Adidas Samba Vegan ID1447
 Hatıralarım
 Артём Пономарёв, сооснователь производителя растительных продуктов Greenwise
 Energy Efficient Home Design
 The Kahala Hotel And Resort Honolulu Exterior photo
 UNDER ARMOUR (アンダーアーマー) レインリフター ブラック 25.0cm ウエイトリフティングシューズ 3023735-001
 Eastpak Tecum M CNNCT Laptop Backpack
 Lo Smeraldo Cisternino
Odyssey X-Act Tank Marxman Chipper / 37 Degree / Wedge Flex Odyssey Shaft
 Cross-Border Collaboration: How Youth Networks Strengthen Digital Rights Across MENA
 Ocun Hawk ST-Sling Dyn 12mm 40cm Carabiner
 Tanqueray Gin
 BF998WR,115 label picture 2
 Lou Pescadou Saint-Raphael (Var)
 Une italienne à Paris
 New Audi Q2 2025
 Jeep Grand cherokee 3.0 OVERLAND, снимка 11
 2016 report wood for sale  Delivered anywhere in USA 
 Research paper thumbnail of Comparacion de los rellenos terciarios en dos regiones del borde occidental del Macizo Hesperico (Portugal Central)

About this exercise
Everything above from the line containing "The Kahala Hotel" through the line containing "Lou Pescadou Saint-Raphael (Var)" must be copied exactly. Nothing outside that range belongs in the answer.

Response
 The Kahala Hotel And Resort Honolulu Exterior photo
 UNDER ARMOUR (アンダーアーマー) レインリフター ブラック 25.0cm ウエイトリフティングシューズ 3023735-001
 Eastpak Tecum M CNNCT Laptop Backpack
 Lo Smeraldo Cisternino
Odyssey X-Act Tank Marxman Chipper / 37 Degree / Wedge Flex Odyssey Shaft
 Cross-Border Collaboration: How Youth Networks Strengthen Digital Rights Across MENA
 Ocun Hawk ST-Sling Dyn 12mm 40cm Carabiner
 Tanqueray Gin
 BF998WR,115 label picture 2
 Lou Pescadou Saint-Raphael (Var)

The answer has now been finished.